Two teacups. My great-grandmother collected teacups. Her sons (including my grandfather) were in the navy and merchant marine, and they traveled all over the world. Wherever they traveled, they brought back teacups for their mother. As a small girl, I remember spending hours looking through the glass doors of the cupboard built especially for those cups and saucers in her home. She had the whole world in a cupboard in her small home in a small town in Idaho! Sometimes she would take some cups out and tell me where they were from. She handled them gently--they were, after all, fragile. But I could tell they meant more than just bits of porcelain to her.

When she passed away, I was given two of her cups and one saucer, ones my own grandfather had given her. One was from China and one was from England. The saucer was broken in a move, but the cups are still in my care. When my children were little, I kept them up on shelves, high enough to protect them (I thought) but still where I could see them and think of Gram. Even that, however, didn't prevent the breakage of one of the cups. One of my daughters--about 1 and 1/2 at the time--had stood up in her high chair (this was before the days of belts) and taken her bib off and was waving it around. Her antics knocked the cup off the high shelf, causing it to break. My heart was broken, but I couldn't really be mad at a baby for doing what babies do. I picked up the pieces and glued the cup together again, crying as I did so. My older children were small, too, but they still remember that. From that day on, they took it upon themselves to warn the younger children not to damage the cups. To do so made mom sad. They have told their own children, my grand-children, about the value of the cups--and how much they mean to grandma.

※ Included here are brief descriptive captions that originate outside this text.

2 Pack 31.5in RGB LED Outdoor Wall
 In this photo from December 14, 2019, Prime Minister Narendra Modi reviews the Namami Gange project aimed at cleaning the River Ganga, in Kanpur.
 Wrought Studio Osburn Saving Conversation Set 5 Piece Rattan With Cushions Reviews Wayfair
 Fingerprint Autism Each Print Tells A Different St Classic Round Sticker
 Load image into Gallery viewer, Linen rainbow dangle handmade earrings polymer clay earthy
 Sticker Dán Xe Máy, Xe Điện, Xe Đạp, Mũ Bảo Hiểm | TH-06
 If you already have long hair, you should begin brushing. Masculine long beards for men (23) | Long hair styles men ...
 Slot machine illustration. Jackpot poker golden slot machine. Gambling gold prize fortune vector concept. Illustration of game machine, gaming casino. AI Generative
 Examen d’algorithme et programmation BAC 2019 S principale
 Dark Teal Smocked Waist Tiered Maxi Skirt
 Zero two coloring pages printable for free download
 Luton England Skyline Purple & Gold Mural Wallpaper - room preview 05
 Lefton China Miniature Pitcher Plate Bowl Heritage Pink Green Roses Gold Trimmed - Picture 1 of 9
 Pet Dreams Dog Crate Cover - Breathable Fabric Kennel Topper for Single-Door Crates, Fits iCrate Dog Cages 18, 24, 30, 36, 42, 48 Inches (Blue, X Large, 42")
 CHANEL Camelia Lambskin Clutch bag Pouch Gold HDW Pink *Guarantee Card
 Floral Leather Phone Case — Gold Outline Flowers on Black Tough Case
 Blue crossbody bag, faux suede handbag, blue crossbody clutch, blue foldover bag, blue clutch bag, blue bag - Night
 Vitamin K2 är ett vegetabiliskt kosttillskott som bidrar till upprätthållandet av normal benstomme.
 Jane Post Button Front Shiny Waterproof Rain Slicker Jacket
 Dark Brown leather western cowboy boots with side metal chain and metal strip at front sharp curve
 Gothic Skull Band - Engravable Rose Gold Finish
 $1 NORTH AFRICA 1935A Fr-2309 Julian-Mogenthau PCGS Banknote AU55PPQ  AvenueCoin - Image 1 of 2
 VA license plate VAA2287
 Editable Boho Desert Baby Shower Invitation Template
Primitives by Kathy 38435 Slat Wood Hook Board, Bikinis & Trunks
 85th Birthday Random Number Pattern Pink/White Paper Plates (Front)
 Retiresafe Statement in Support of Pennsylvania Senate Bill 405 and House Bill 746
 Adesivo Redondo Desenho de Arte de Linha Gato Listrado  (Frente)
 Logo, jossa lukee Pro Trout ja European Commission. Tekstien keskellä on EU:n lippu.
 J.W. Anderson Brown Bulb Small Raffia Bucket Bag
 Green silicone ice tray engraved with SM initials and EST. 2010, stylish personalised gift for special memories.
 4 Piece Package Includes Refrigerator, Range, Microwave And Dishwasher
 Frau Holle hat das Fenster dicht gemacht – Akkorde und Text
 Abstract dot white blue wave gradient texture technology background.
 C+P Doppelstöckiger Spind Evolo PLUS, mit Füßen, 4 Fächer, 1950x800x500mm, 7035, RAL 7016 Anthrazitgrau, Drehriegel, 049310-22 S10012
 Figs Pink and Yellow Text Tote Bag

Now, when I look inside the cup and see the delicate lines that show where the cup was pieced together nearly thirty years ago, I remember all the way back to the wall of cups and my great-grandmother pulling them out to show me her treasures that meant her sons thought of her wherever they were in the world. I remember my choice of balancing loss with patience. And I see my own grandchildren looking at the cups with wonder, as if they can't imagine someone who is older than their grandma's grandma having such a thing. So, if I lost my home, I would hope to find the teacups. They don't hold tea anymore. They hold generations of memories.


  1. People may say that material things don't matter but sometimes a cup is more than a cup.As you said: they hold the generations of memories. Your writing is thoughtful and beautiful.

  2. It's just a beautiful capturing of your story, for all those generations here now, & to come. Now you've filled the teacups with special words.